◆ **TASK ITEM**
Leaving out the pictures, output each record exactly as it stands.

*** Opening MATERIAL FOR THIS TASK ***

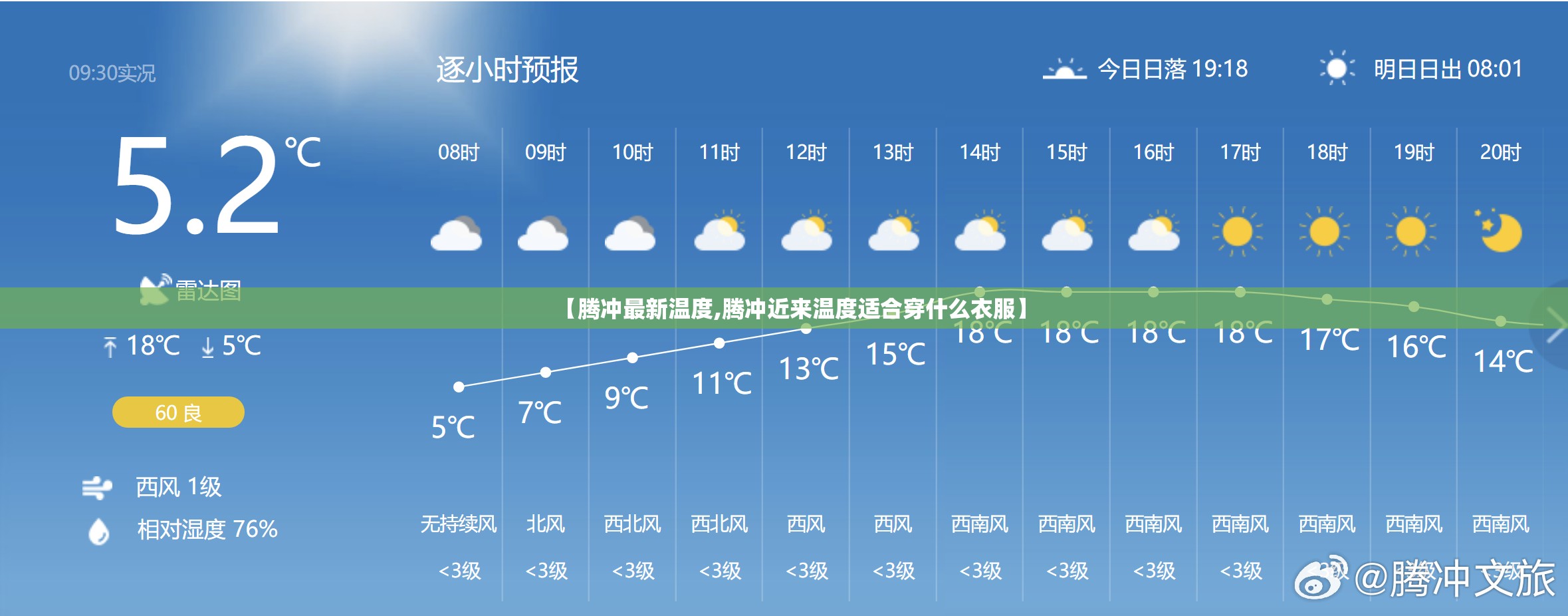 【腾冲最新温度,腾冲近来温度适合穿什么衣服】 【腾冲最新温度,腾冲近来温度适合穿什么衣服】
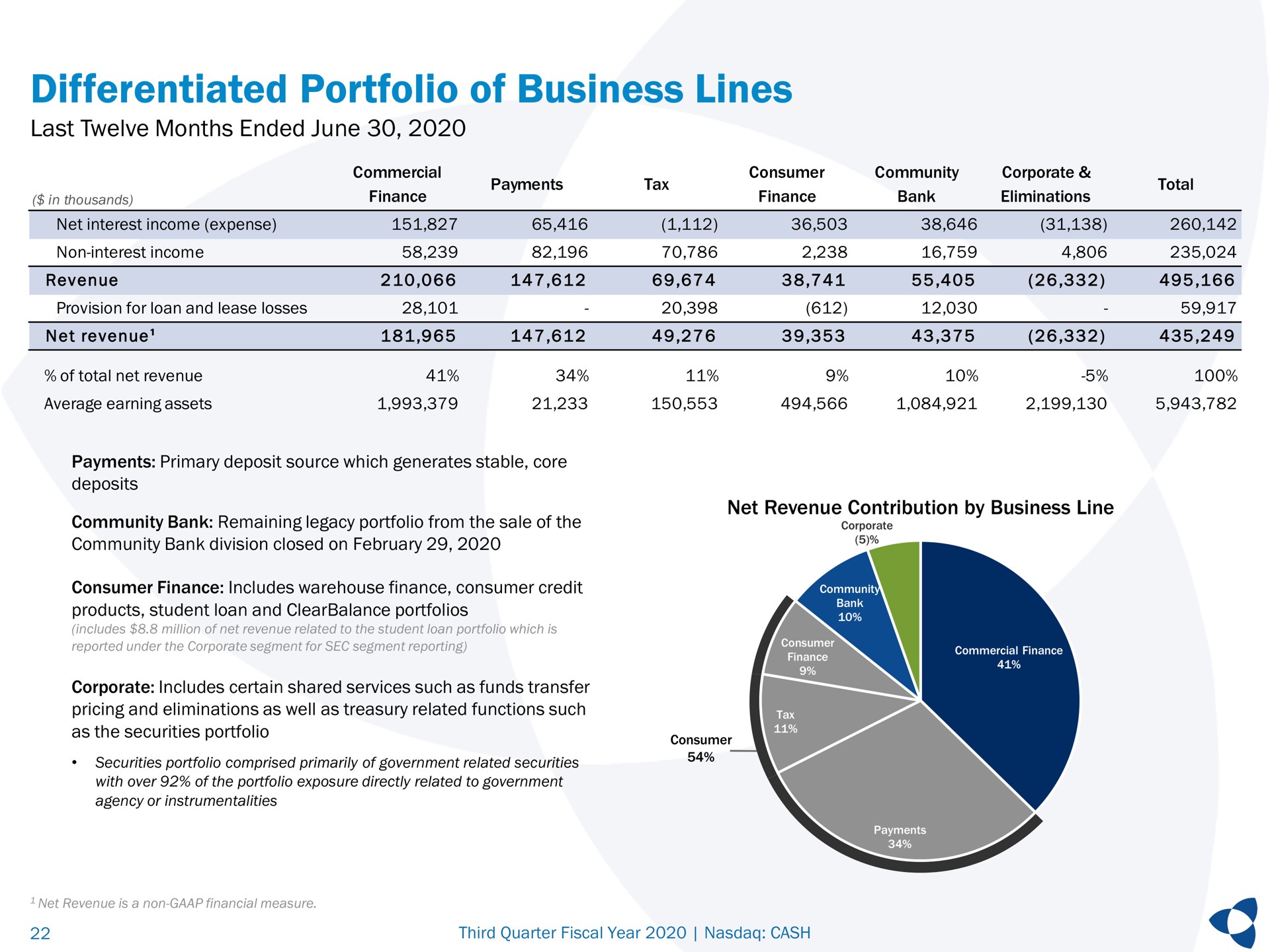 differentiated portfolio of business lines last twelve months ended june | Pathward Financial
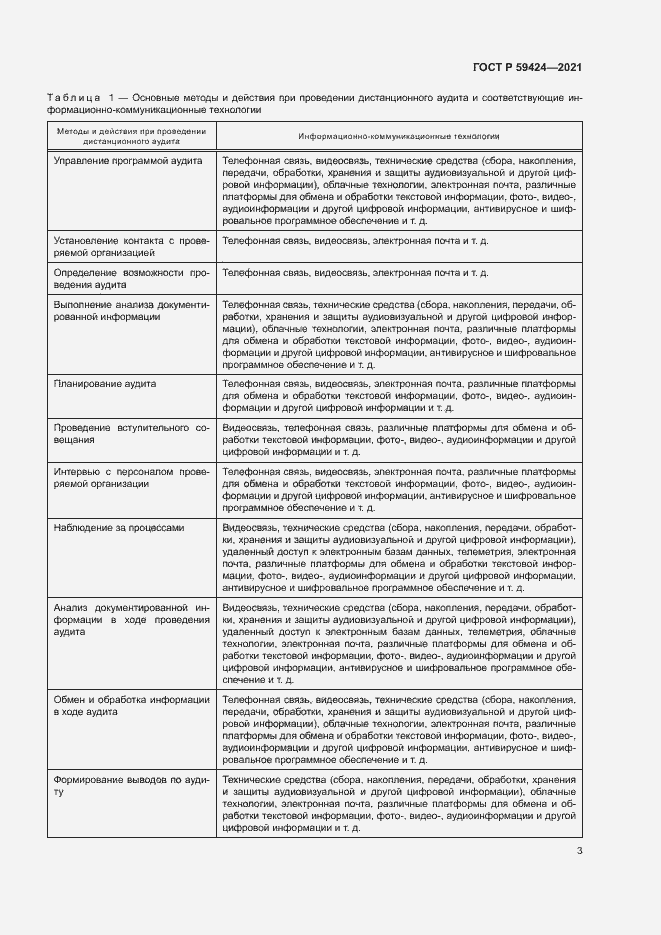Страница 7 ГОСТ Р 59424-2021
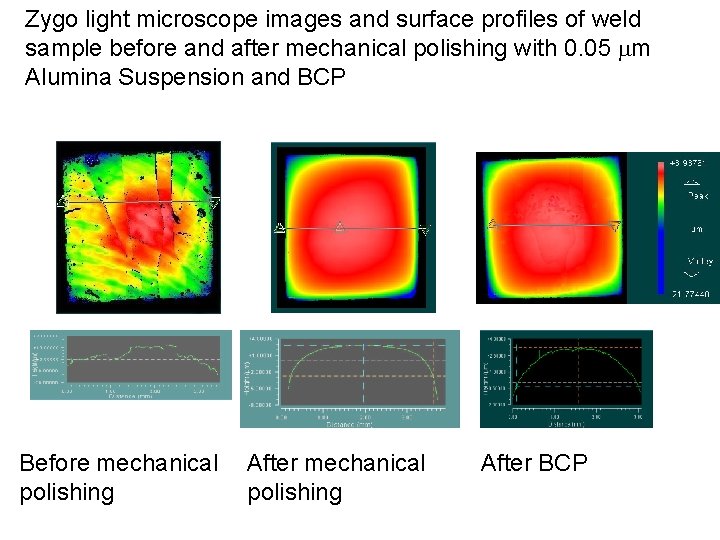 Zygo light microscope images and surface profiles of weld sample before and after mechanical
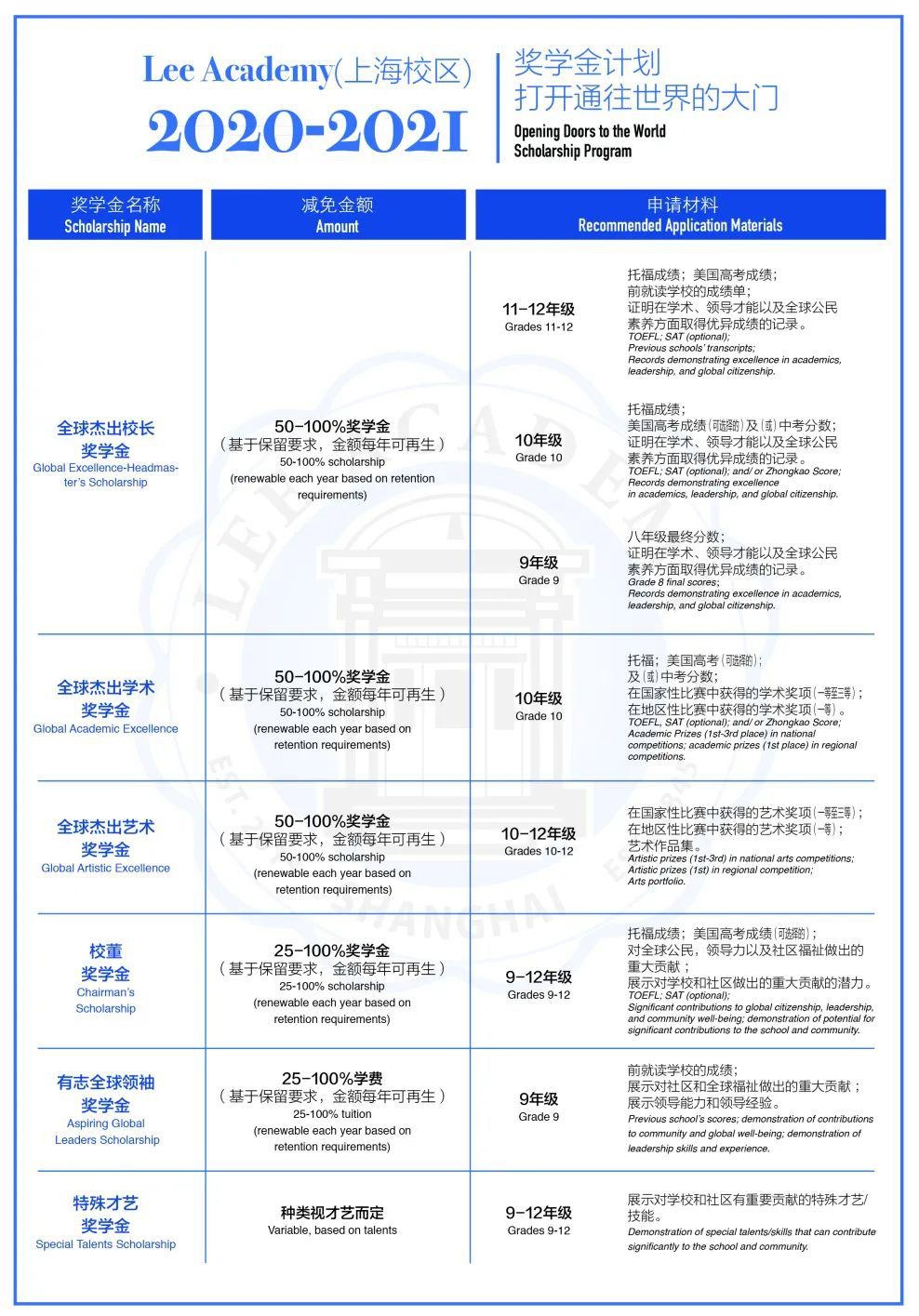 奖学金计划.jpg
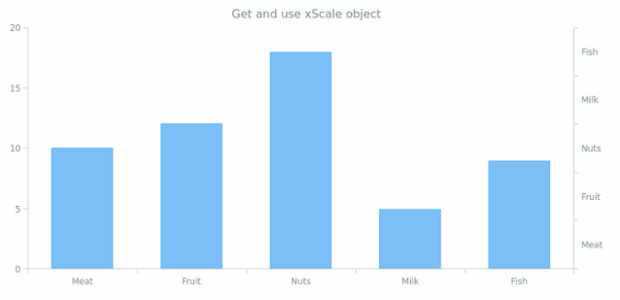 anychart.charts.Cartesian.xScale get created by AnyChart Team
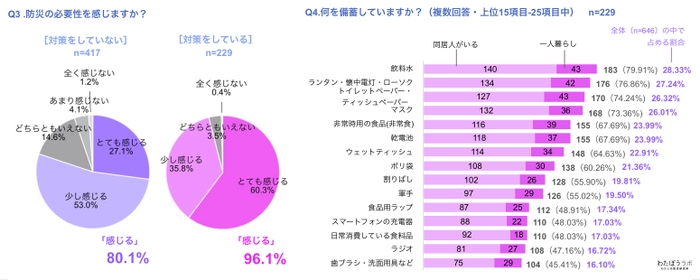 防災必要性の有無、備蓄品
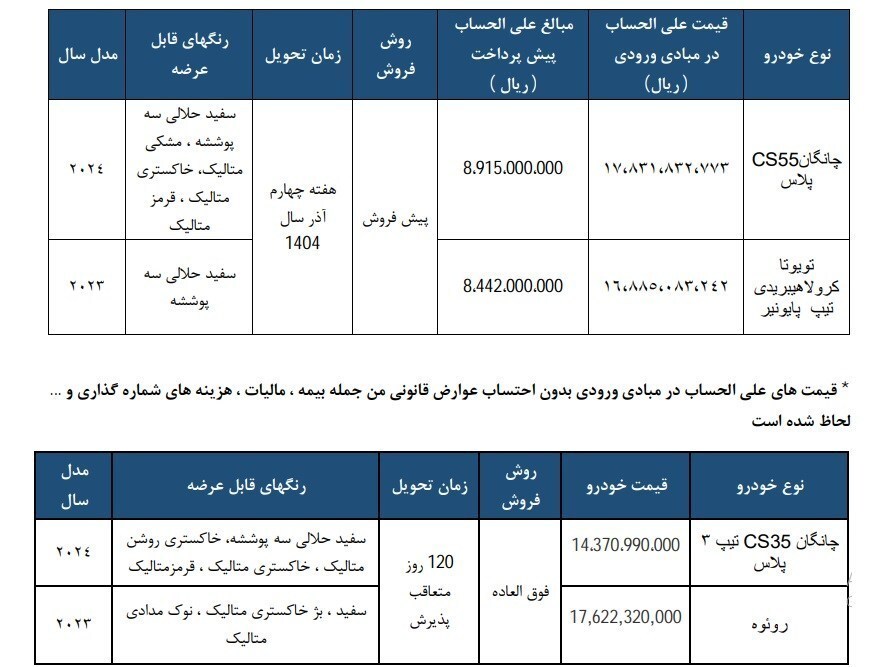 جزئیات جدید از فروش خودرو‌های وارداتی سایپا + جدول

*** Closing MATERIAL FOR THIS TASK ***

◆ **SOLUTION TO THE PROBLEM**
 【腾冲最新温度,腾冲近来温度适合穿什么衣服】 【腾冲最新温度,腾冲近来温度适合穿什么衣服】
 differentiated portfolio of business lines last twelve months ended june | Pathward Financial
Страница 7 ГОСТ Р 59424-2021
 Zygo light microscope images and surface profiles of weld sample before and after mechanical
 奖学金计划.jpg
 anychart.charts.Cartesian.xScale get created by AnyChart Team
 防災必要性の有無、備蓄品
 جزئیات جدید از فروش خودرو‌های وارداتی سایپا + جدول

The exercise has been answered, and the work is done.